> ABOUT THIS EXERCISE:
An exact restatement of the data below, with the pictures removed, is the required answer.

> DATASET SECTION:
--------

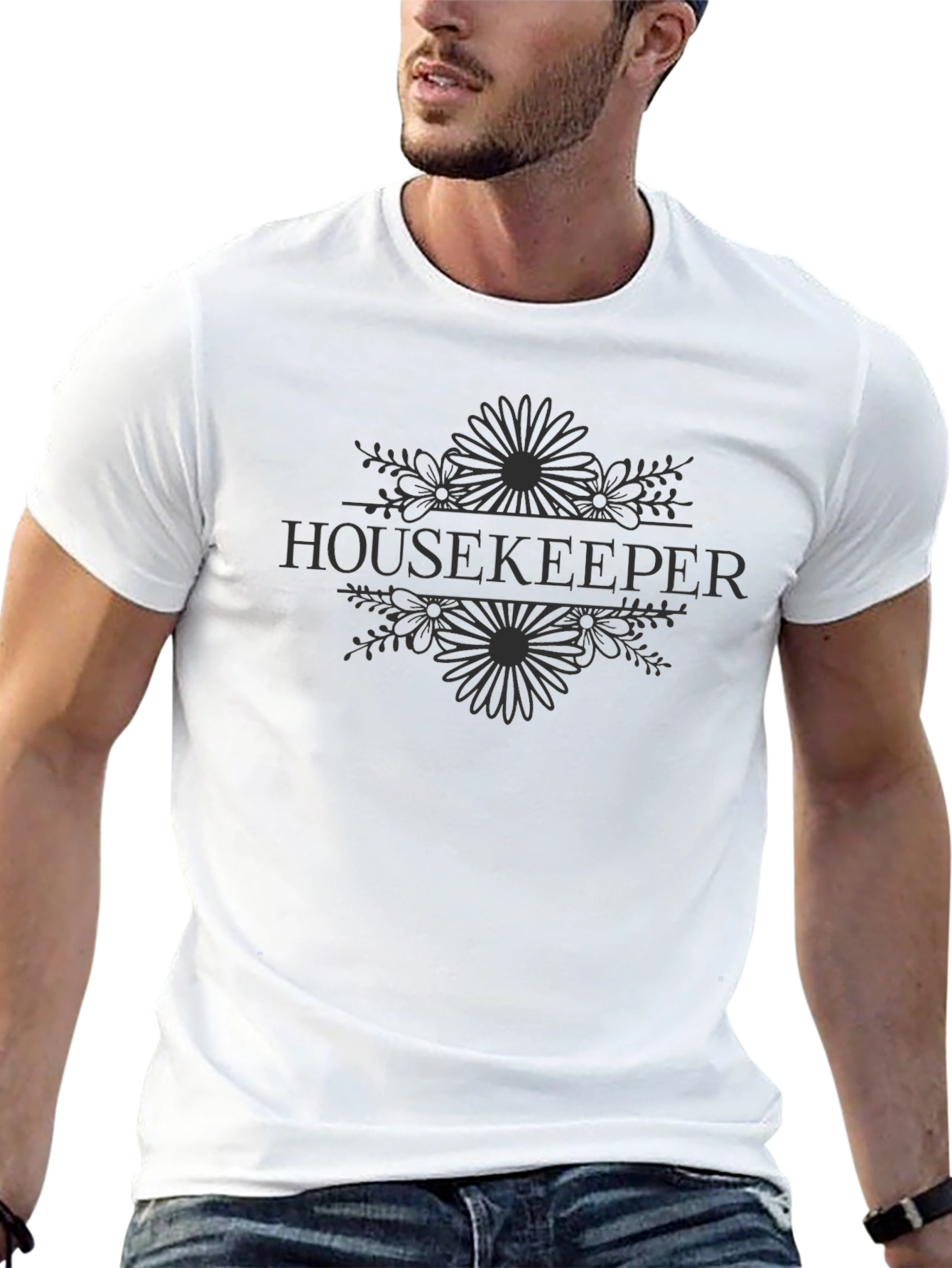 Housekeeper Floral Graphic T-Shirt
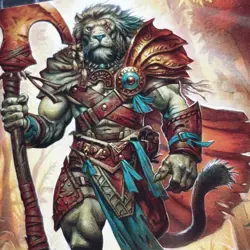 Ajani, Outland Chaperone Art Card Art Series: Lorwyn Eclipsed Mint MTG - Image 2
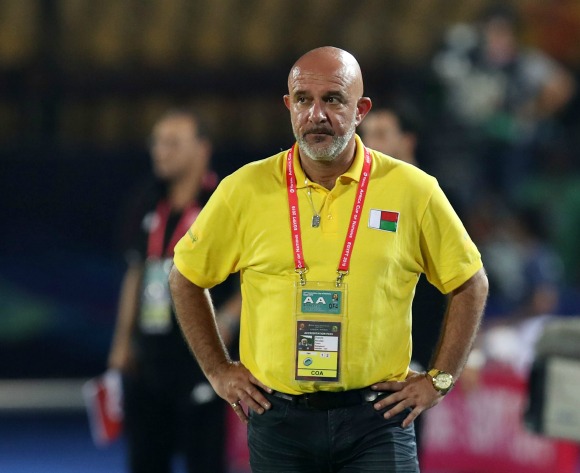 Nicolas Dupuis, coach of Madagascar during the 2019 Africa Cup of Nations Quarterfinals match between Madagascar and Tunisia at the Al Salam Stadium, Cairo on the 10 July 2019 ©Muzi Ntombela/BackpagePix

--------

> ANSWER:
 Housekeeper Floral Graphic T-Shirt
 Ajani, Outland Chaperone Art Card Art Series: Lorwyn Eclipsed Mint MTG - Image 2
 Nicolas Dupuis, coach of Madagascar during the 2019 Africa Cup of Nations Quarterfinals match between Madagascar and Tunisia at the Al Salam Stadium, Cairo on the 10 July 2019 ©Muzi Ntombela/BackpagePix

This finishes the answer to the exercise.